→ **REQUIRED ACTION**: Find the line below with "Alfred Dunner Chenille" and the line with "Collana Minimalista con". Output them and the lines between, exactly, but not the pictures.

→ **DATA**:

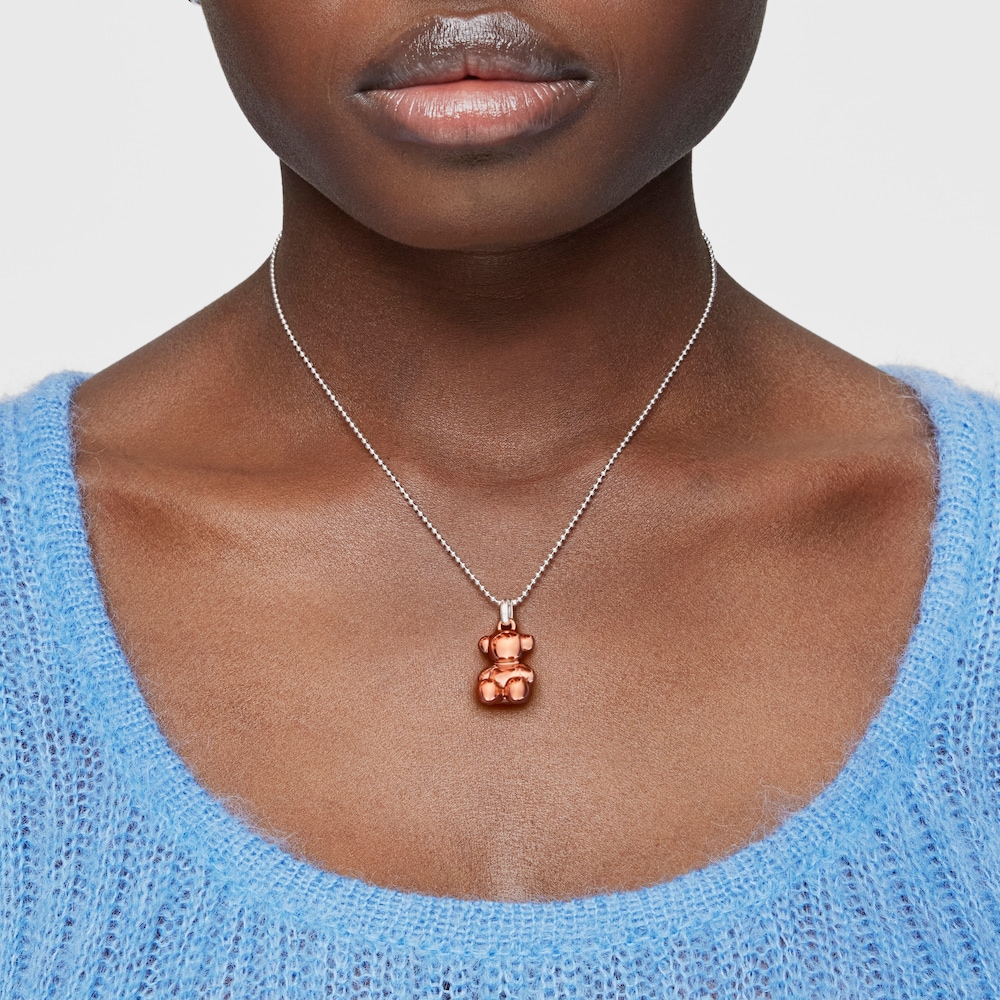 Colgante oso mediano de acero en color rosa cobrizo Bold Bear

--

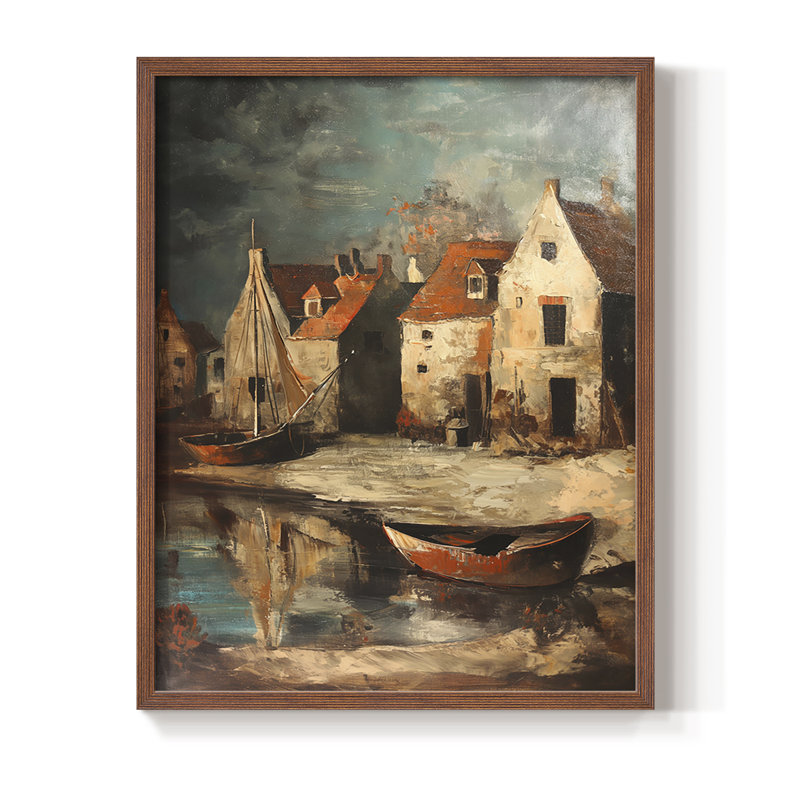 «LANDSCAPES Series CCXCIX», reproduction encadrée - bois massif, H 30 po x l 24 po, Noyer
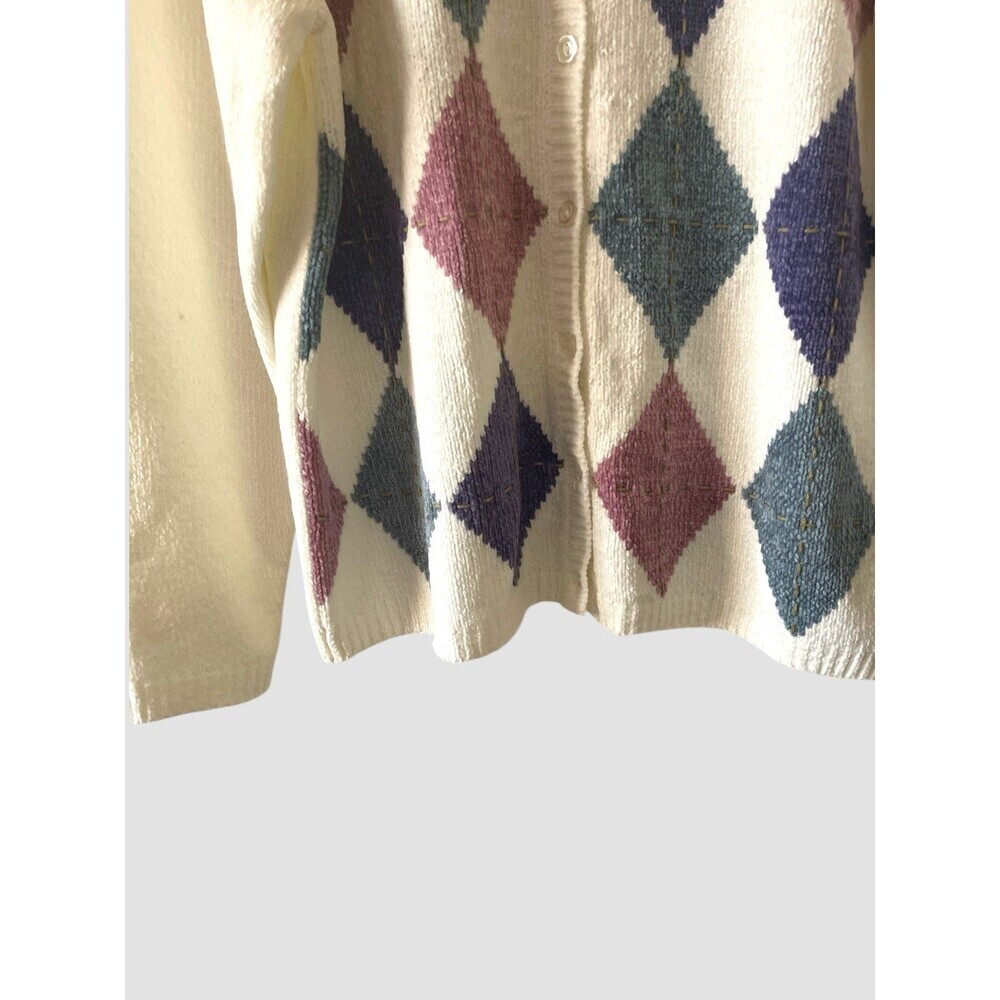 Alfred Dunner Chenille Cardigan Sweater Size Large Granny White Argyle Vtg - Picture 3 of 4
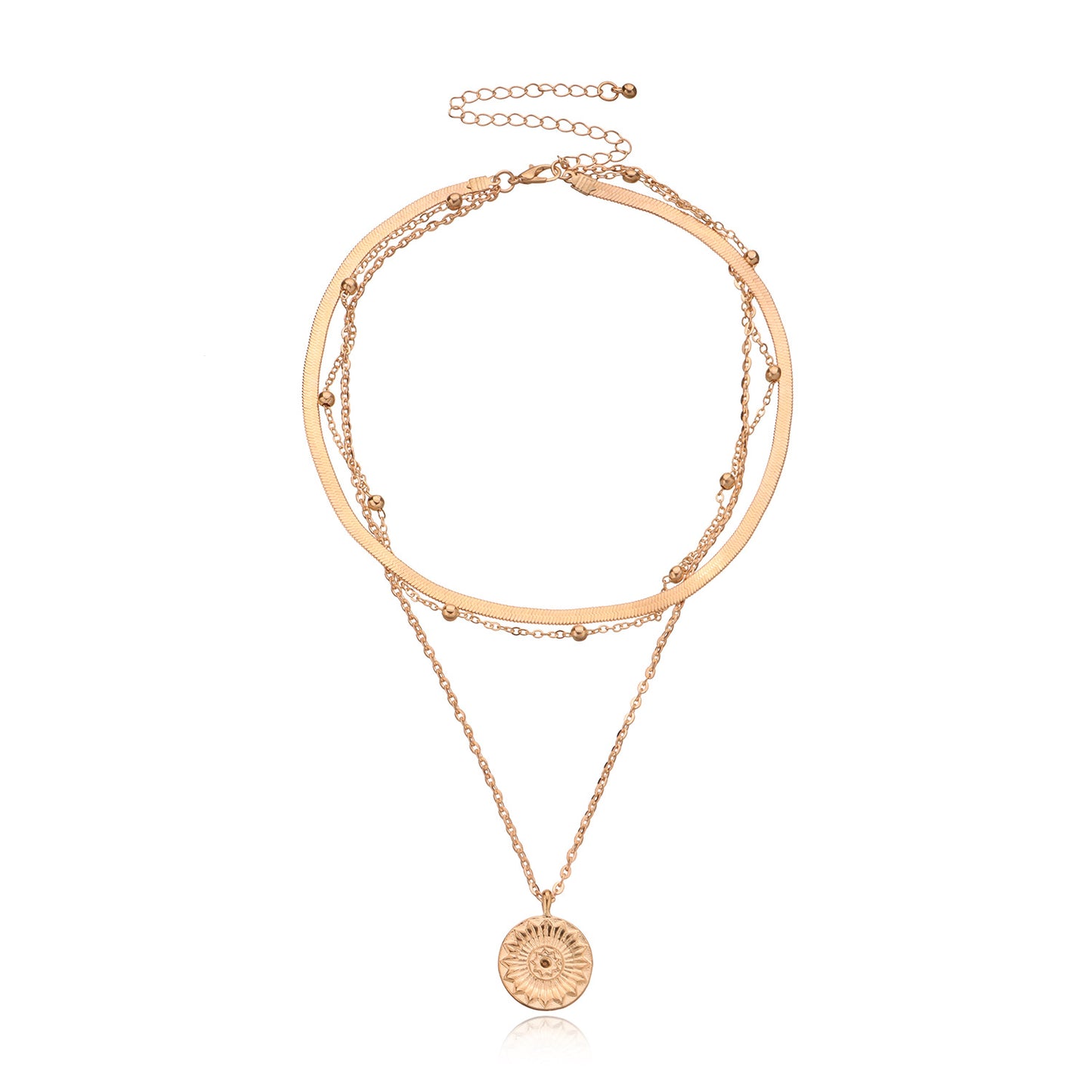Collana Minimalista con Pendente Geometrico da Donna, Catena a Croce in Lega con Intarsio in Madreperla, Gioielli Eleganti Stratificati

---

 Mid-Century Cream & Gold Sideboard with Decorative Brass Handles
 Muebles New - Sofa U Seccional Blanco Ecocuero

→ **ANSWER TO THIS TASK**:
 Alfred Dunner Chenille Cardigan Sweater Size Large Granny White Argyle Vtg - Picture 3 of 4
Collana Minimalista con Pendente Geometrico da Donna, Catena a Croce in Lega con Intarsio in Madreperla, Gioielli Eleganti Stratificati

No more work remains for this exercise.